Primeiramente, é evidente a exorbitante falta de emprego que atinge a sociedade brasileira, levando muitos a situação de insegurança alimentar por falta de dinheiro. Segundo o IBGE, em 2021, o Brasil atingiu os 14,4 milhões de desempregados, fator esse, concomitante para o aumento da fome em muitos lares, já que muitas vezes uma só pessoa sustenta uma família inteira. Portanto, com a escassez de empregos, vem a inexistência de verba para suprimentos e por conseguinte a fome.
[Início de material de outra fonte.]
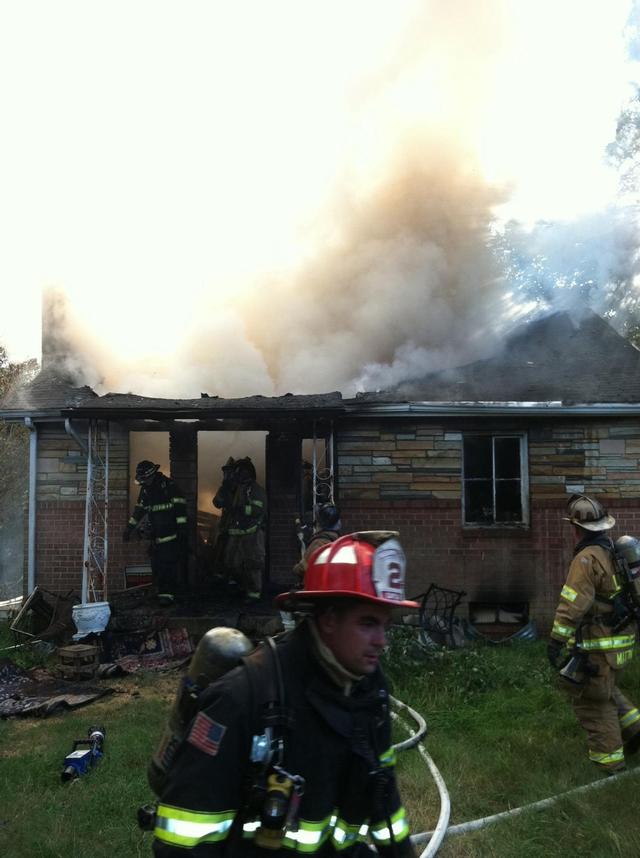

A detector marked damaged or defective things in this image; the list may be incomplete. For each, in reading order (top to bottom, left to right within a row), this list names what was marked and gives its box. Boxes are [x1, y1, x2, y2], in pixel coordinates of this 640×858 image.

burned roof eave [344, 400, 640, 416]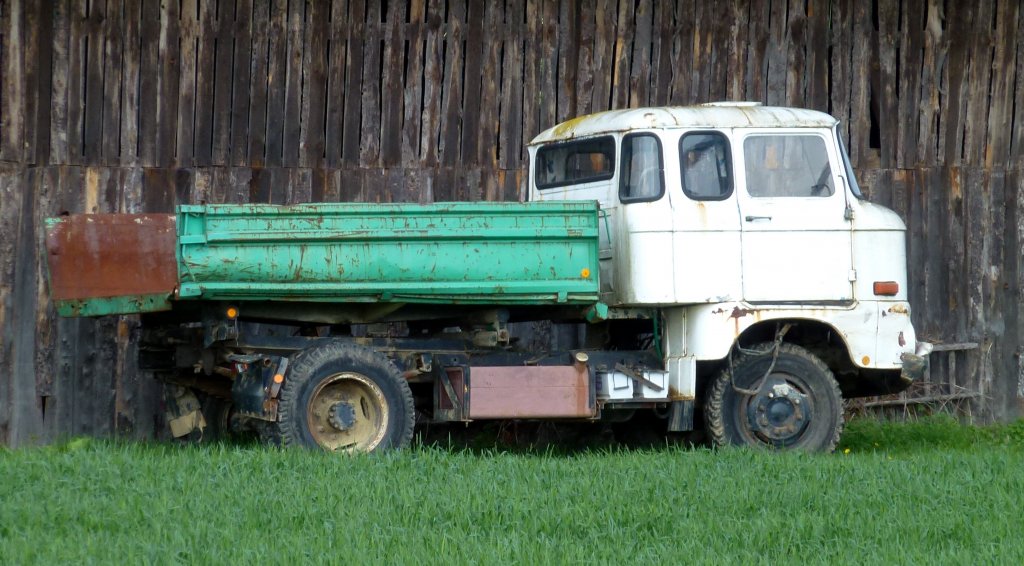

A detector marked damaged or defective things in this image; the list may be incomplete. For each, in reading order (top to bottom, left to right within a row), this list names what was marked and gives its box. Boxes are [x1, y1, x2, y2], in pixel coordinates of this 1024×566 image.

rusted metal panel [43, 213, 176, 315]
green paint chipping [177, 201, 602, 305]
rusted metal panel [466, 364, 593, 417]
Ademais, precebe-se também problemas de cunho político, como a insuficiência governamental quando se diz respeito a questão da subalimentação. Assim, segundo o filósofo Zygmunt Bauman, não são as crises que mudam o mundo, e sim nossa reação a elas. Contudo, as atitudes tomadas e relação a crise alimentar não tem sido suficientes, já que, segundo a Rede Brasileira de Pesquisa em Soberania e Segurança Alimentar e Nutricional, 19,1 milhôes de cidadãos se enquadram no perfil da fome, esse, que gera sérias consequências como, aumento do número de doenças, criminalidade e até mesmo a morte.
Portanto, fica evidente a necessidade de mudar o cenário atual. Para tanto, cabe ao governo, em parceria com ONGs, criar programas de alimentação para os desempregados, por meio de verba separada préviamente para tal, visando ajudar aqueles que não estão em condições financeiras para arcar com alimentação, diminuindo assim o problema da fome no Brasil. Dessa forma, a realidade prevista por Malthus nunca acontecerá.